[INSTRUCTIONS TO FOLLOW] From the first line to the last, return the data exactly, with no pictures.

[INFORMATION PROVIDED]
[Start of section]
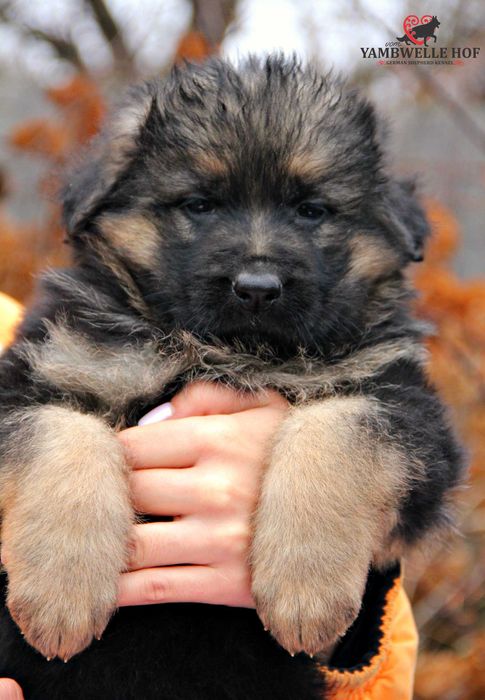 Німецька вівчарка Д\Ш - елітні цуценята від розплідника КСУ-FCI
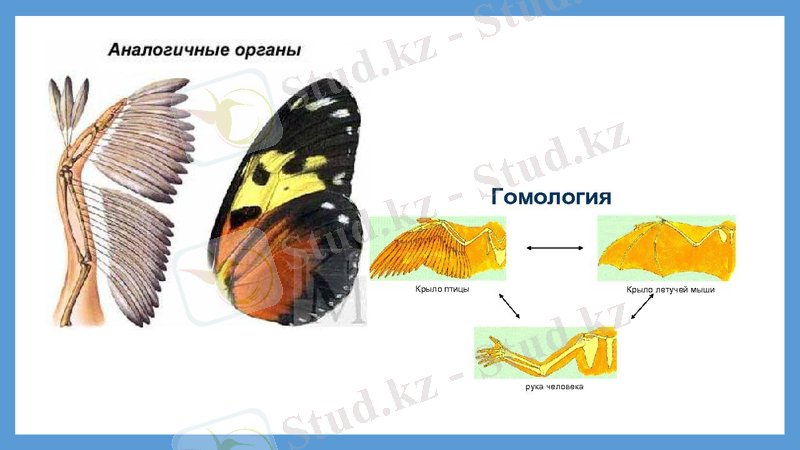 Slide 9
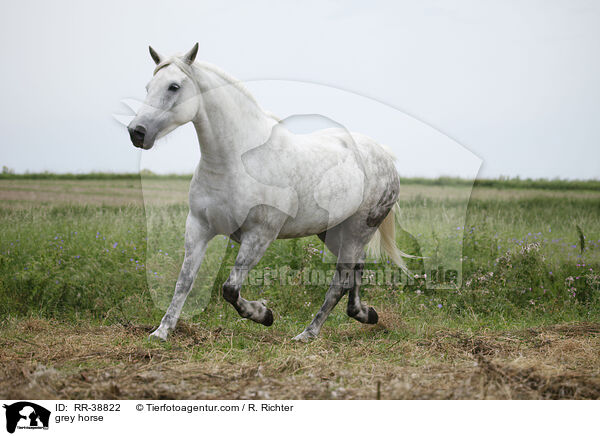 Schimmel / grey horse / RR-38822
[End of section]
[RESULT]
 Німецька вівчарка Д\Ш - елітні цуценята від розплідника КСУ-FCI
 Slide 9
 Schimmel / grey horse / RR-38822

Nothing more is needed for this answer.